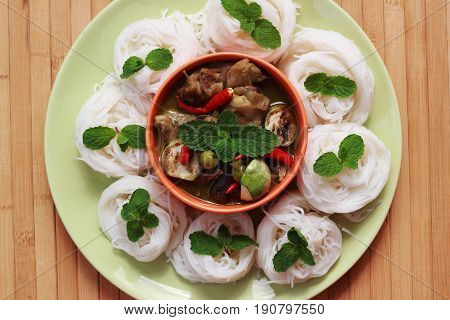 Green curry in an orange cup in the middle of a plate Thai-rice-flour Noodles (kanom jeen)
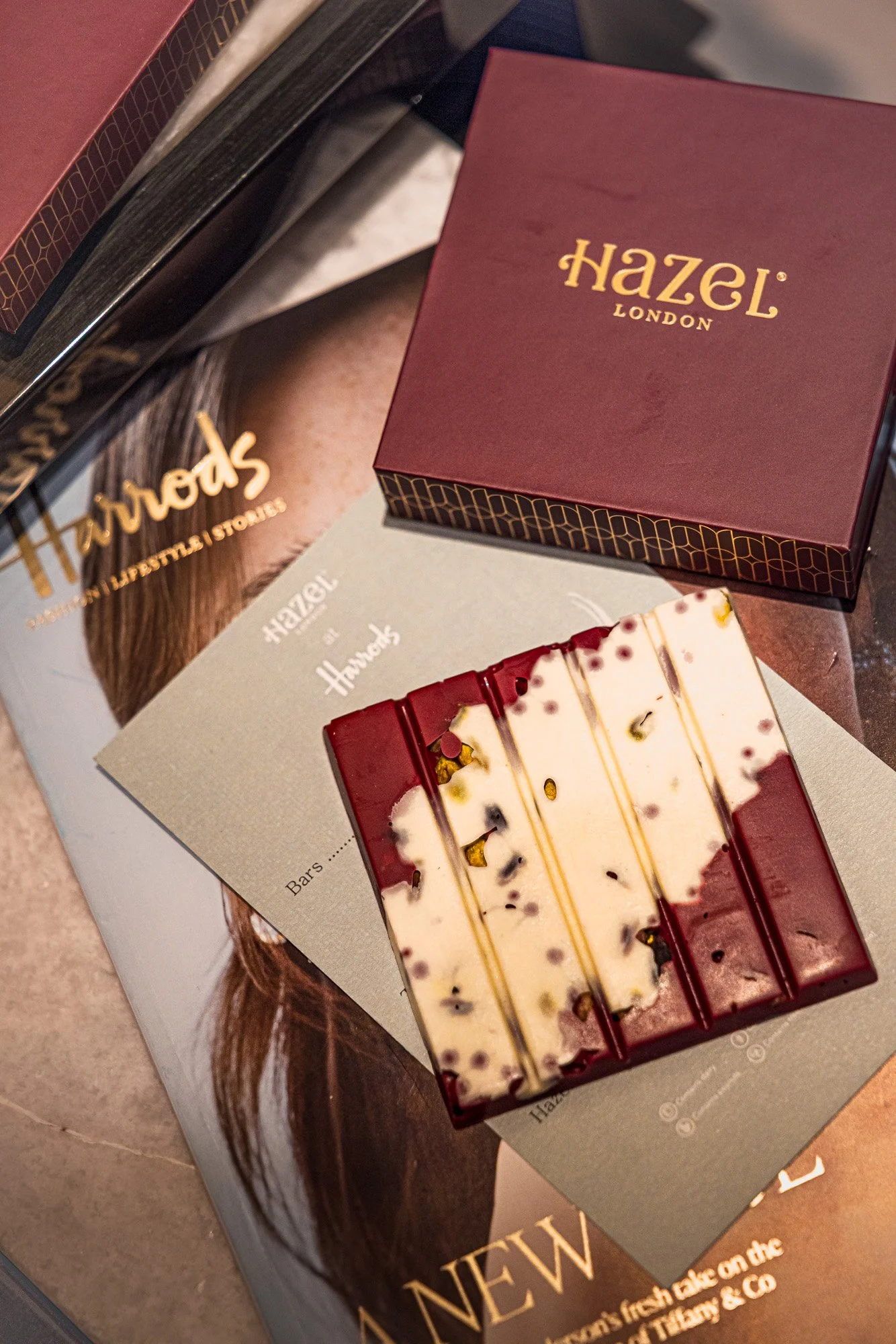 Commercial product photograph of Hazel London chocolate bars and burgundy packaging arranged with printed promotional material, showing the product range, branding and premium presentation for retail in Harrods or campaign use.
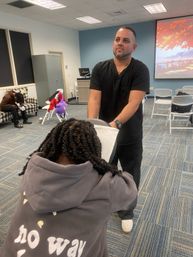 Man in black scrubs giving a seated chair massage to a person with braided hair wearing a gray hoodie in a community meeting room with folding chairs and a projector screen in the background.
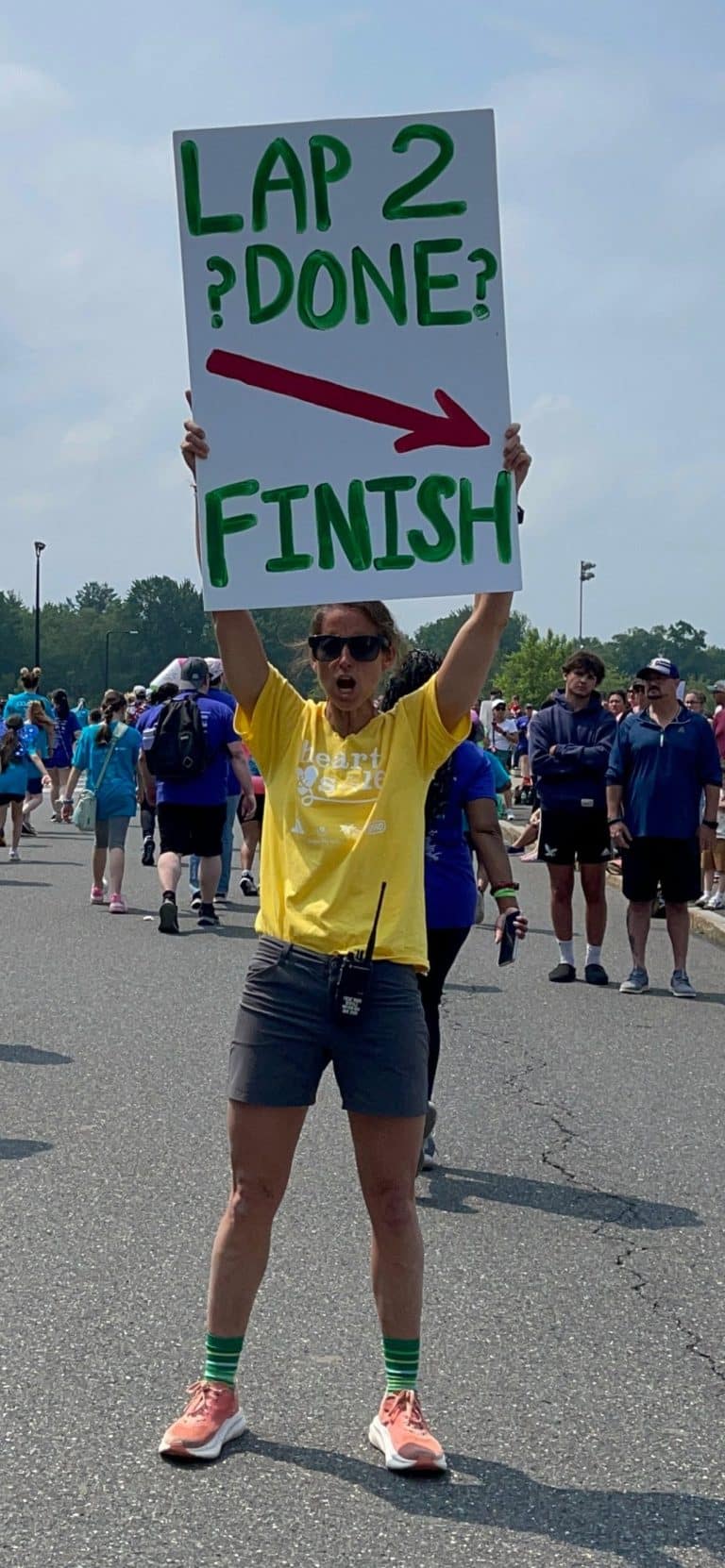 An event marshall at the Girls on The Run event holds up a directional sign. UMass Amherst, June 8, 2024. FungaiFoto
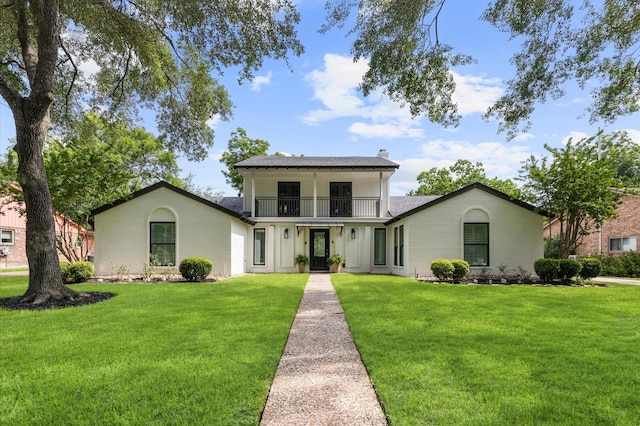 15414 Ashburton Dr, Jersey Village, TX 77040 - view of front of home with a balcony, a front lawn, brick siding, and a chimney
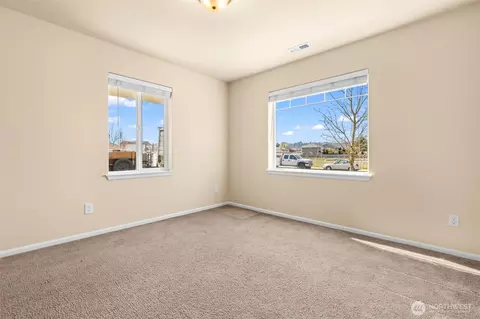 Bedroom - 1408 Daffodil Ave NE, Orting, WA 98360 photo 5 of 5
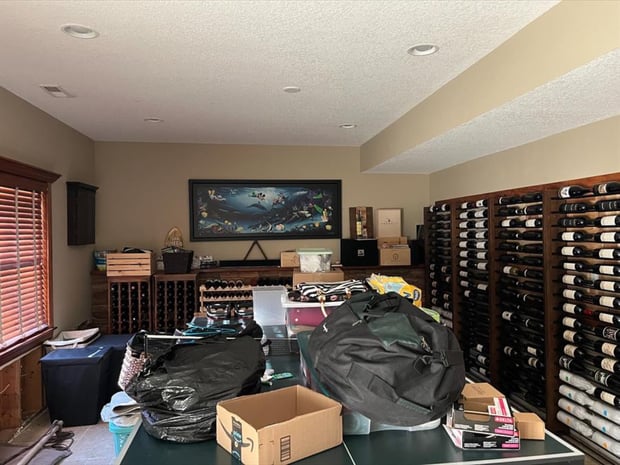 Cluttered basement storage area with bottle racks, mixed shelving, and recessed ceiling lights before remodel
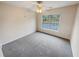 Bedroom features soft carpet and a window bringing in natural light at 1156 Madison Green Sw Ln, Mableton, GA 30126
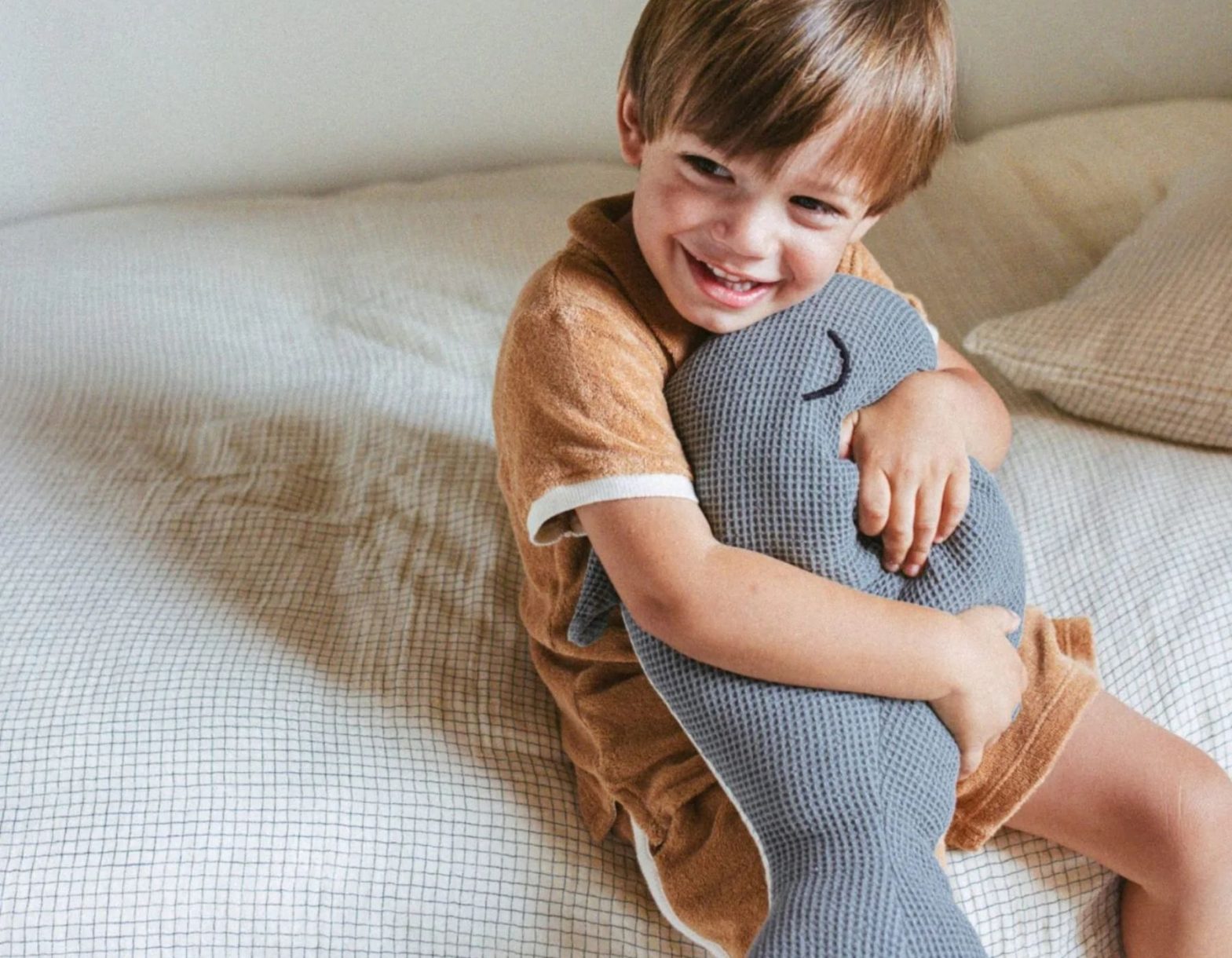 Enfant souriant câlinant une peluche baleine dans une chambre lumineuse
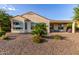 Home's backyard with rock landscaping, a covered patio, and desert plants at 27105 W Marco Polo Rd, Buckeye, AZ 85396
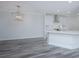 Modern kitchen with white cabinets and a large island at 420 Carolina Cherry Ct # 203, Charleston, SC 29414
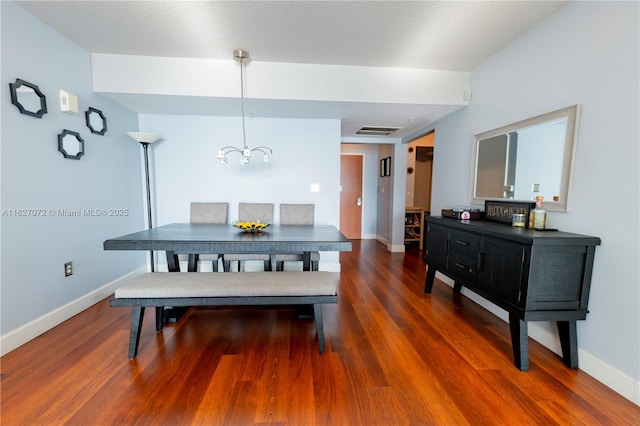 dining room featuring dark hardwood / wood-style flooring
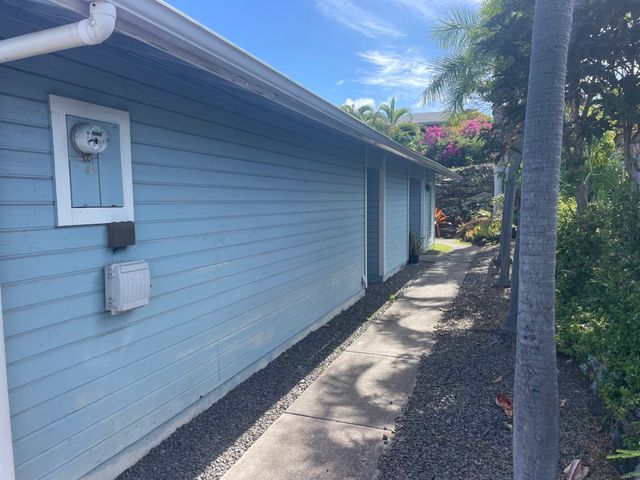 a pathway of a house with sitting area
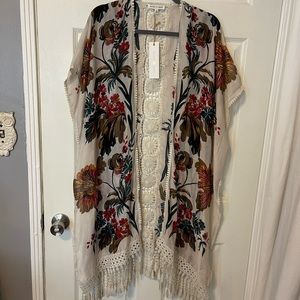 Beautiful throw over shrug/poncho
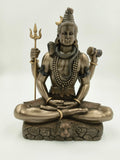 Large polyresin sculpture of Shiva seated in lotus pose with trident and drum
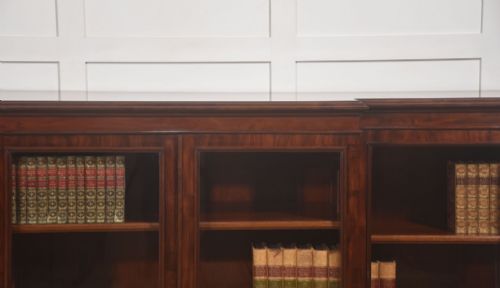 fig 2. A 19th-century mahogany breakfront library bookcase featuring four glass-panelled doors, adjustable interior shelving, and a moulded cornice.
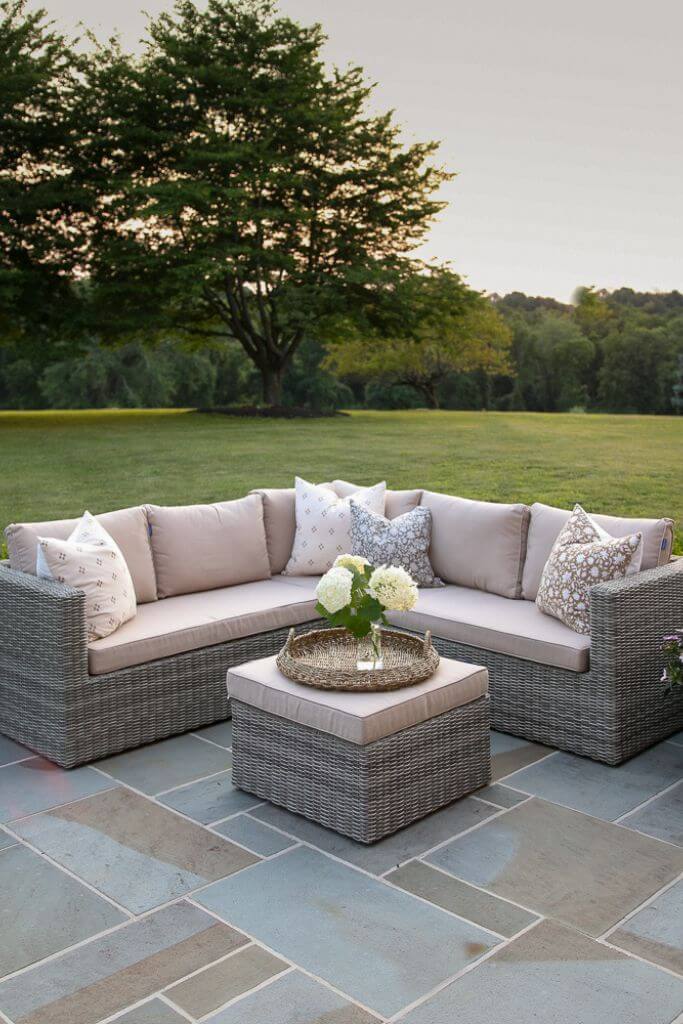 A stone patio with neutral coloured outdoor furniture surrounded by grass.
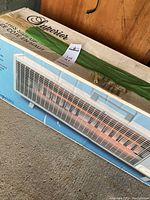 Photo of the fan forced heater in its original box showing the brand and packaging condition.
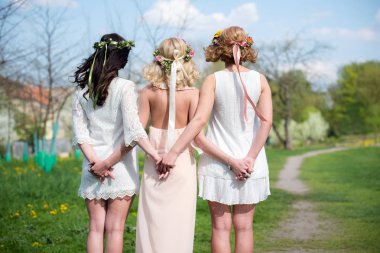 Back view of group of bridesmaids with bride-to-be in beautiful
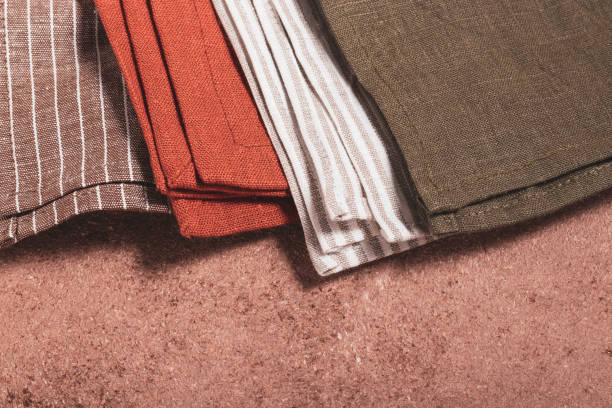 istock Stack of colored serving napkins on beige background 1348089490
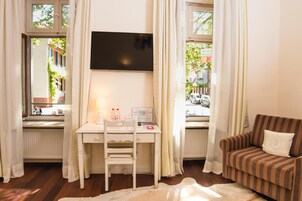 40-inch flat-screen TV with cable channels, TV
◇ ◇ ◇ ◇
## What the task requires
Your response must consist of the lines from the beginning of the data through the line containing "Commercial product photograph", transcribed exactly, with no pictures.

## Solution for this exercise
 Green curry in an orange cup in the middle of a plate Thai-rice-flour Noodles (kanom jeen)
 Commercial product photograph of Hazel London chocolate bars and burgundy packaging arranged with printed promotional material, showing the product range, branding and premium presentation for retail in Harrods or campaign use.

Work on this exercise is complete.